“Cell-o?” Can Schools Search Student Cell Phones?

mike photo

Author: Michael Tucker, Attorney at Law

In 2012, studies of student cell phone ownership and use revealed that approximately 78% of all Americans aged 12–17 years had a mobile phone and 37% had a smart phone.  These numbers have no doubt risen in the 5 years since this particular study was conducted.  Considering this almost universal usage, information contained on a student’s cell phone is often sought in investigations of student misconduct.  In fact, the California Legislature is currently considering Assembly Bill 165 which, if approved, would significantly broaden a local educational agencies ability to access a student’s cell phone if suspected of a suspendable or expellable offense.  However, school administrators should carefully consider the potential privacy implications before searching a student’s cell phone.

  • Cell phones now contain so much more than simple communication information.

Not only are cell phones used to communicate via text, voice or video with others, but most contain a plethora of additional information.  Most cell phones contain, among other things, web browser history, access to personal photos and videos, and access to social media sites.  Searching a cell phone thus may reveal private information that is not necessarily germane to the purpose of the search.

  • Governing boards have the authority to regulate cell phone possession and use.
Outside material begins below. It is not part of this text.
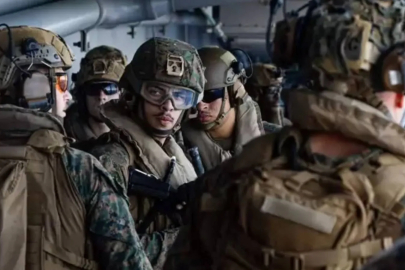 CENTCOM duyurdu: Piyadeleri taşıyan USS Tripoli Orta Doğu'da!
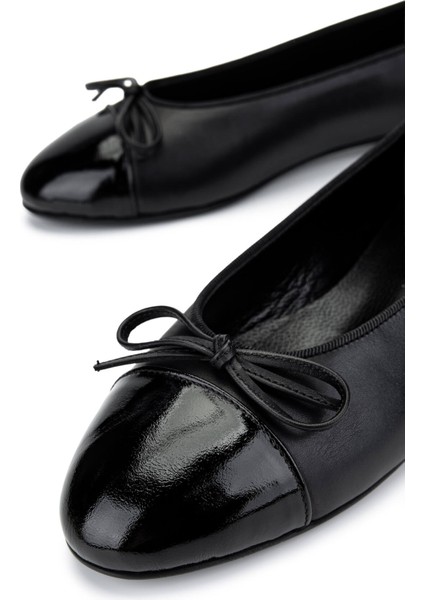 Kadın Deri Siyah Rugan Babet Ayakkabı 820 630 Bn Ayk Y25 Syh Rgn/Syh Dr fırsatları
Know your policy.

California Education Code section 48901.5 provides school governing boards with the authority to “regulate the possession or use of any electronic signaling device.”  Most, if not all, school governing boards have policies and procedures regarding a student’s possession, use, and possible search of a cell phone.  Therefore, it is imperative prior to determining whether a search is necessary that all school personnel know and understand their school’s policies related to cell phones.

  • All searches of student property must be 1) justified from the beginning and 2) “reasonably related [in scope] to the objectives of the search and not excessively intrusive in light of the age and sex of the student and the nature of the infraction.”
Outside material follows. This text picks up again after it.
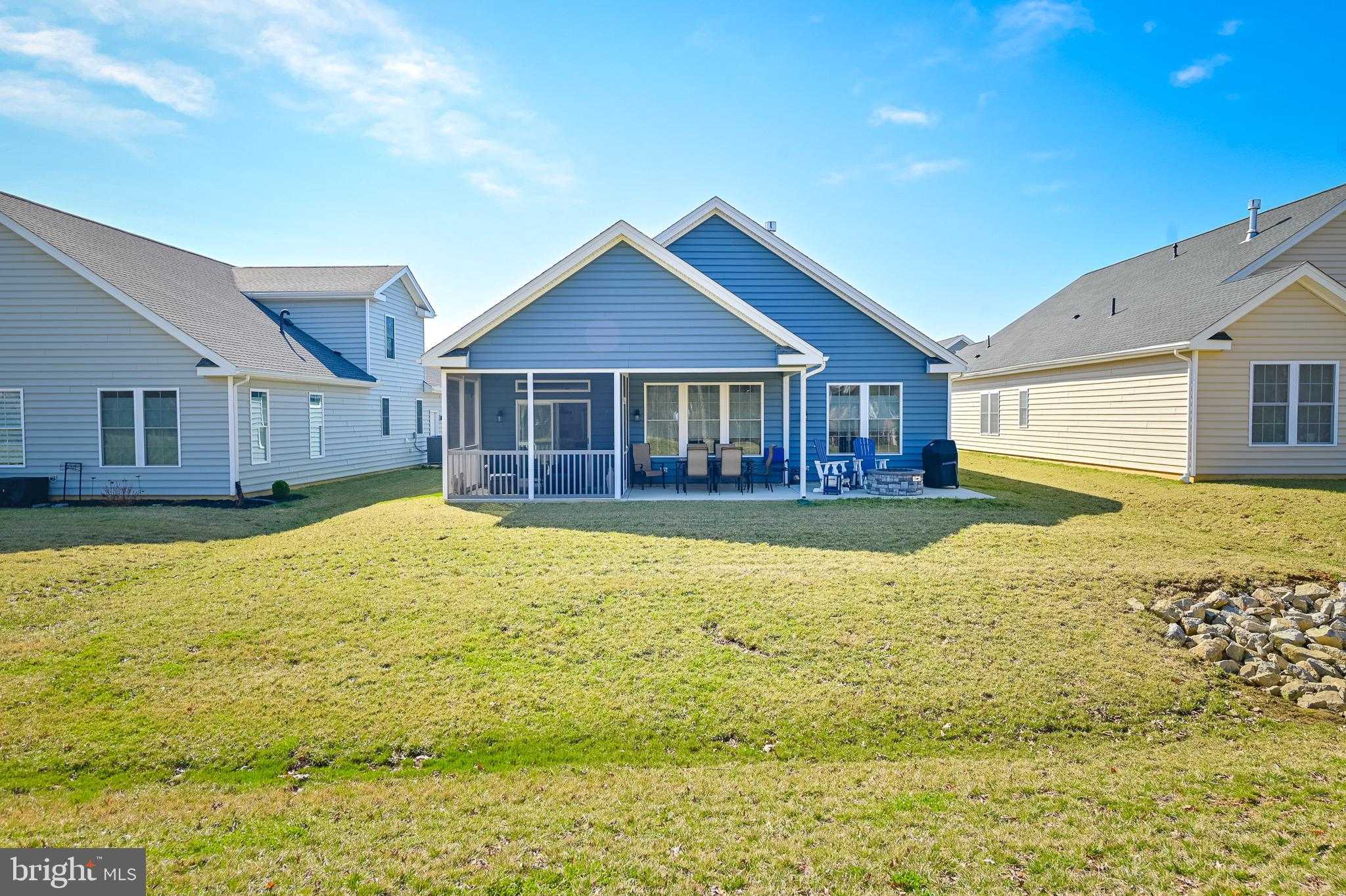 925 Founders Way photo 30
In New Jersey v. T.L.O, the United States Supreme Court provided the above standards which can be used to determine whether a search of a student’s cell phone is legally defensible. (New Jersey v. T.L.O , (1985) 469 U.S. 325.)  The Court went on to state that a search is “justified from the beginning” when a school official has “reasonable grounds for suspecting that the search will turn up evidence that the student has violated or is violating either the law or the rules of the school.”  (Id.)  The official must be able to put this suspicion into words as “curiosity, rumor or hunch” is insufficient to justify a search.  Simply being disruptive, (In re William G., (1985) 40 Cal. 3d 550), invocating privacy rights or attempting to hide private information are also insufficient.  (In re Lisa G., (2004) 125 Cal. App. 4th 801.)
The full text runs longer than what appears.